[WHAT IS NEEDED] Using the records that follow, reproduce exactly the lines starting at the line containing "ホテル スラビジャ 写真" and ending at the line containing "Snowdrop Vintage Crochet Lamp". Include both end lines and no pictures.

[THE RECORDS]

———

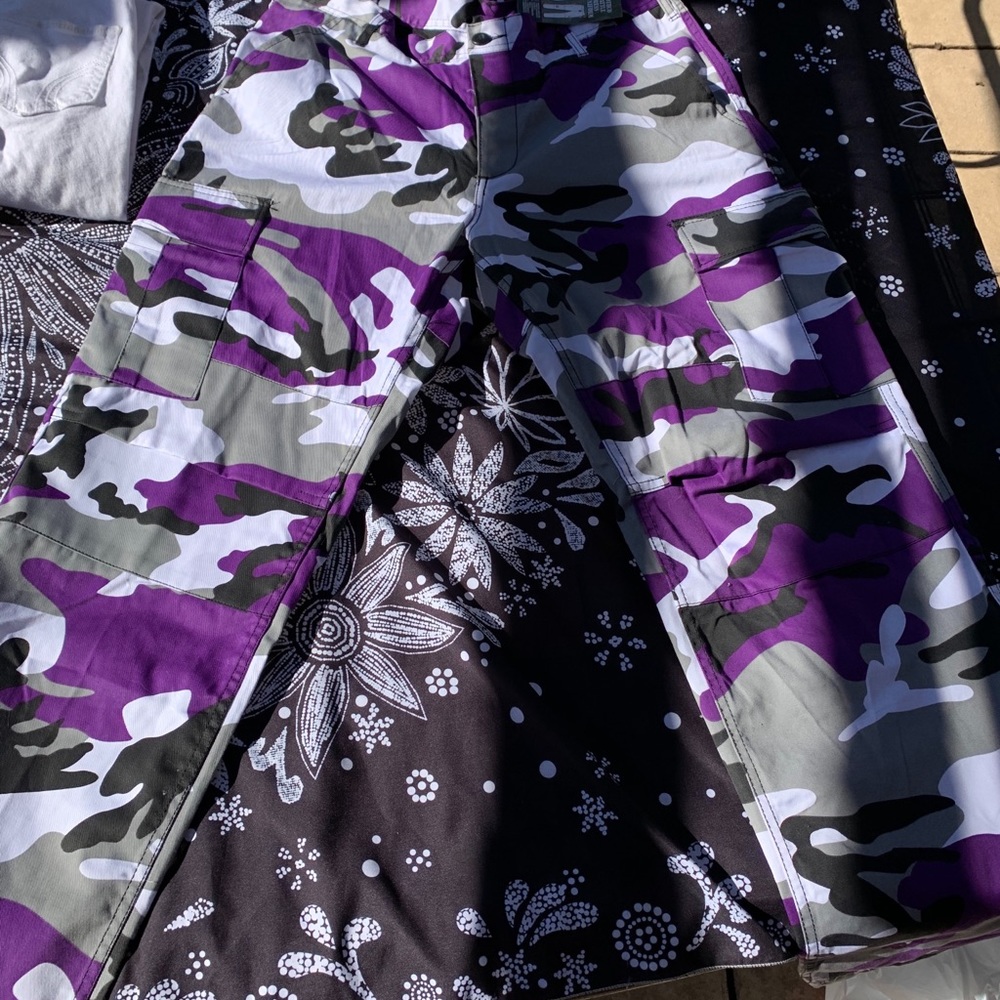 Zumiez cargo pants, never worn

———

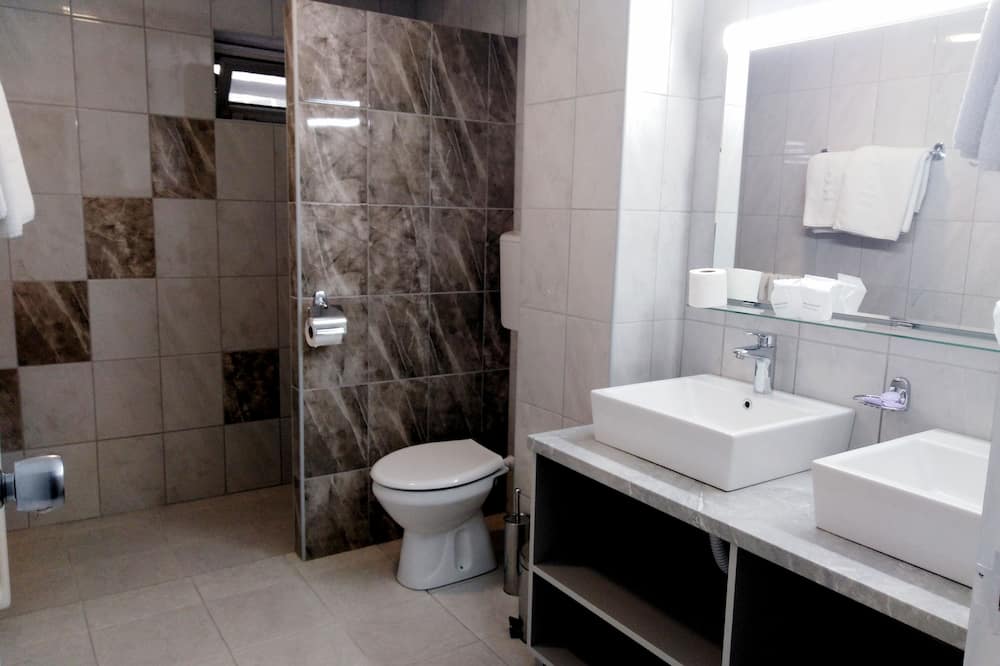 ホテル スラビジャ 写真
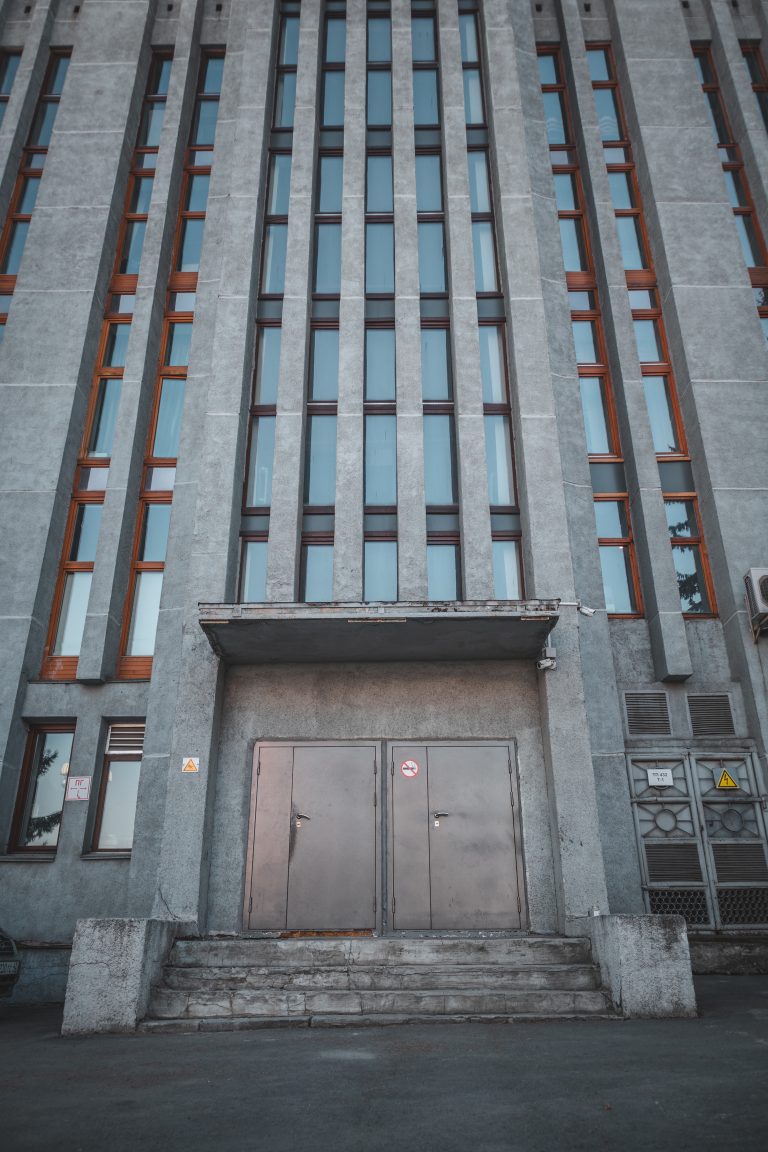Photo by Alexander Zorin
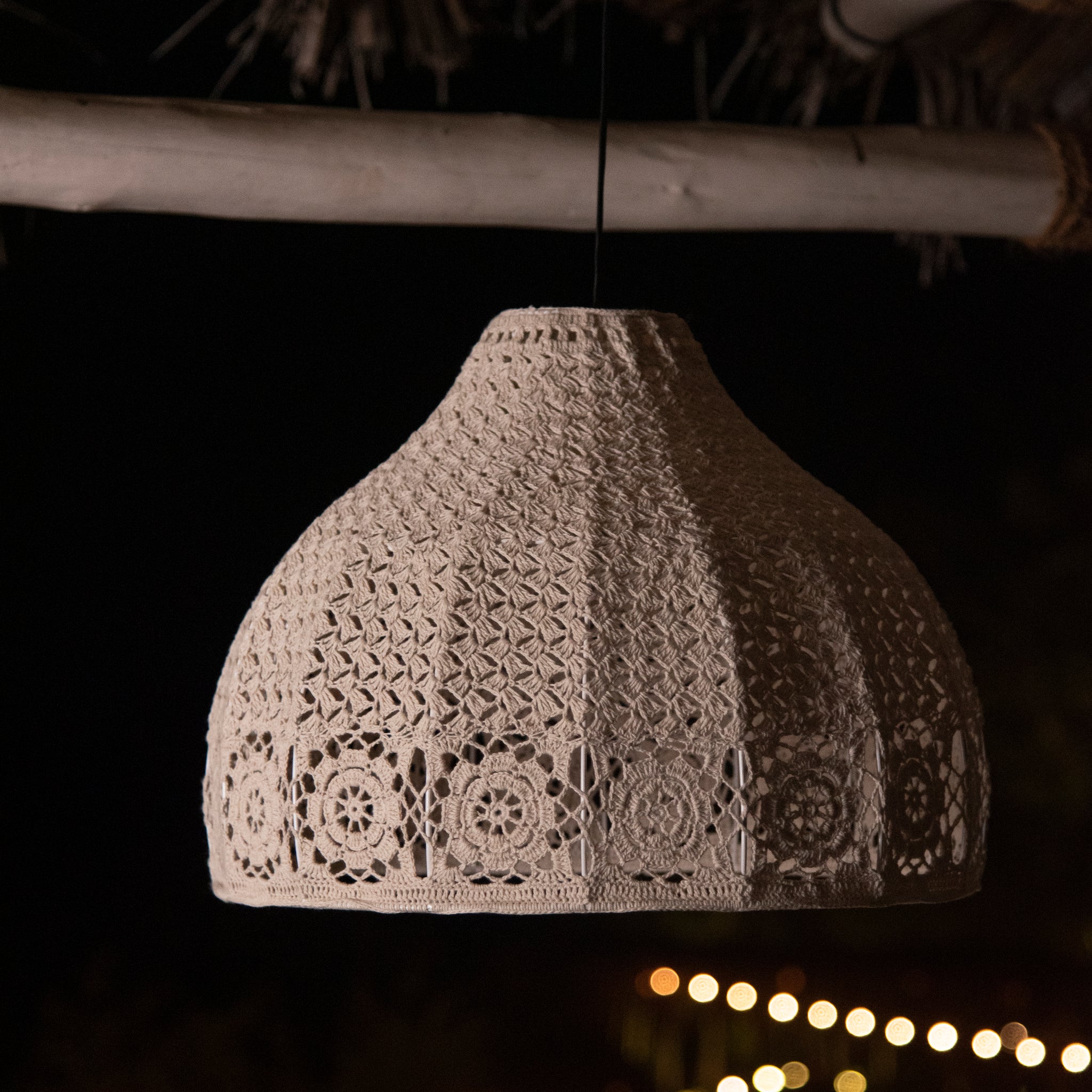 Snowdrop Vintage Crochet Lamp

———

[EXPECTED ANSWER]
 ホテル スラビジャ 写真
Photo by Alexander Zorin
 Snowdrop Vintage Crochet Lamp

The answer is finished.